Performance of numpy all/any vs testing a single element - python

I create an array that does not contain a single zero (let's ignore that it does, with zero probability, as np.random.rand() samples [0,1) uniformly). I want to check whether all values are equal to zero (for some other purpose the arrays may contain all zeros). Below are some timings.
Surprisingly to me, checking a single (nonzero) element is about 2000 times faster than using np.all() or np.any(). I would assume that the compiler internally replaces np.all() by np.any() of the inverse condition and that np.any()/np.all() returns True/False at the first instance that the condition is fulfilled/violated (i.e. the compiler does not create the entire array of True or False values first).
How comes np.all() or np.any() are that much slower when it would only have to check one element? Or is this because of the external knowledge I put that the array does not contain all zeros? In the case of an all-zeros array, I guess it might be too slow to do the boolean comparison separately for each element. I don't know about the performance of the underlying low-level algorithms, but each element needs to be accessed once independent of whether it goes one by one or creates the whole boolean array once.
import numpy as np
np.random.seed(100)
a = np.random.rand(10418,144)
%timeit a[0,0] == 0
%timeit (a == 0).all()
%timeit np.all(a == 0)
%timeit (a != 0).any()
%timeit np.any(a != 0)
# 400 ns ± 2.08 ns per loop (mean ± std. dev. of 7 runs, 1000000 loops each)
# 713 µs ± 382 ns per loop (mean ± std. dev. of 7 runs, 1000 loops each)
# 720 µs ± 1.17 µs per loop (mean ± std. dev. of 7 runs, 1000 loops each)
# 711 µs ± 407 ns per loop (mean ± std. dev. of 7 runs, 1000 loops each)
# 723 µs ± 630 ns per loop (mean ± std. dev. of 7 runs, 1000 loops each)

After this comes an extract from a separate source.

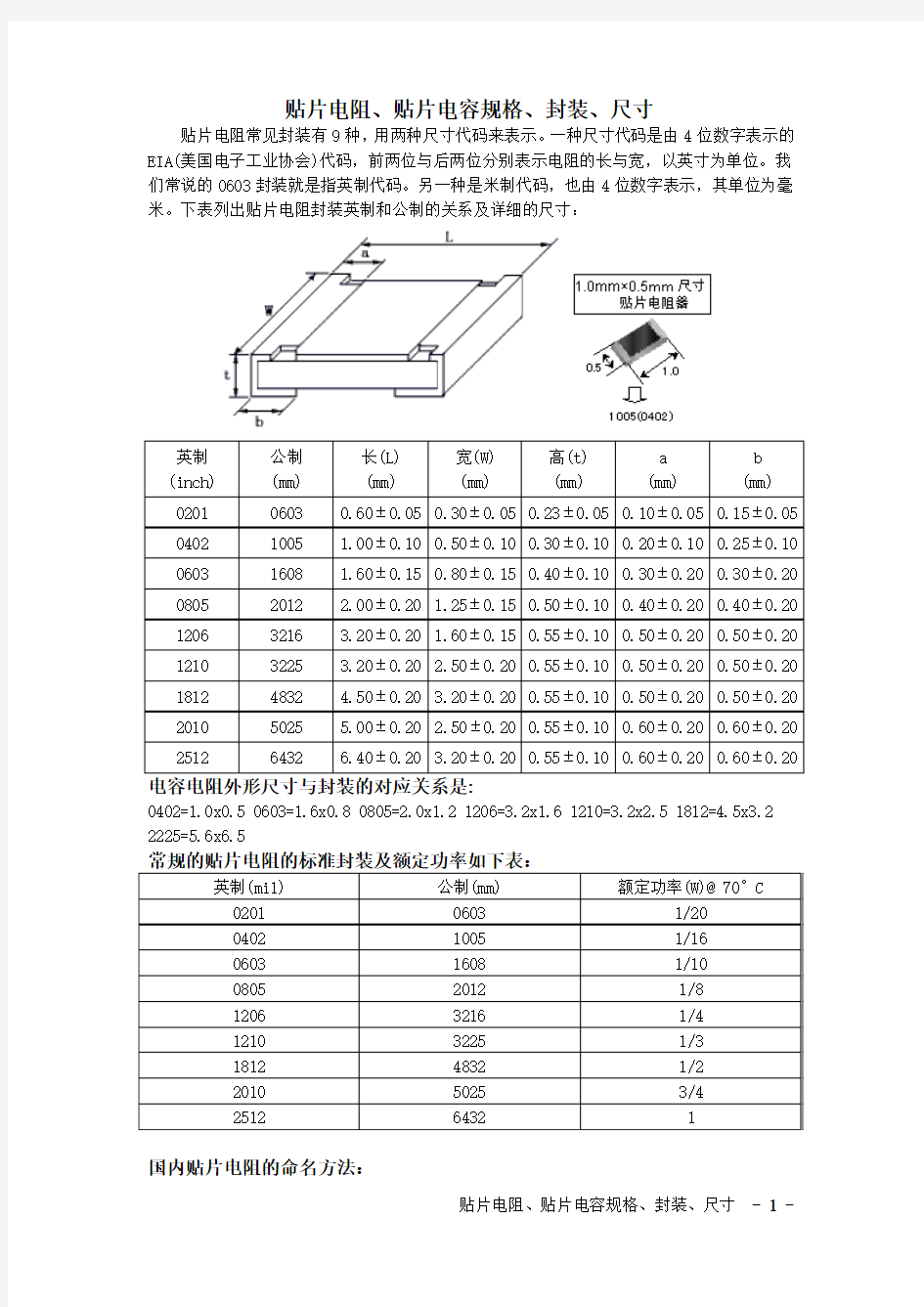 贴片电阻、贴片电容规格、封装、尺寸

When you write a == 0, numpy creates a new array of type boolean, compares each element in a with 0 and stores the result in the array. This allocation, initialization, and subsequent deallocation is the reason for the high cost.
Note that you don't need the explicit a == 0 in the first place. Integers that are zero always evauate to False, nonzero integers to True. np.all(a) is equivalent to np.all(a != 0). So np.all(a==0) is equivalent to not np.any(a)

Related

Python comparing array to zero faster than np.any(array)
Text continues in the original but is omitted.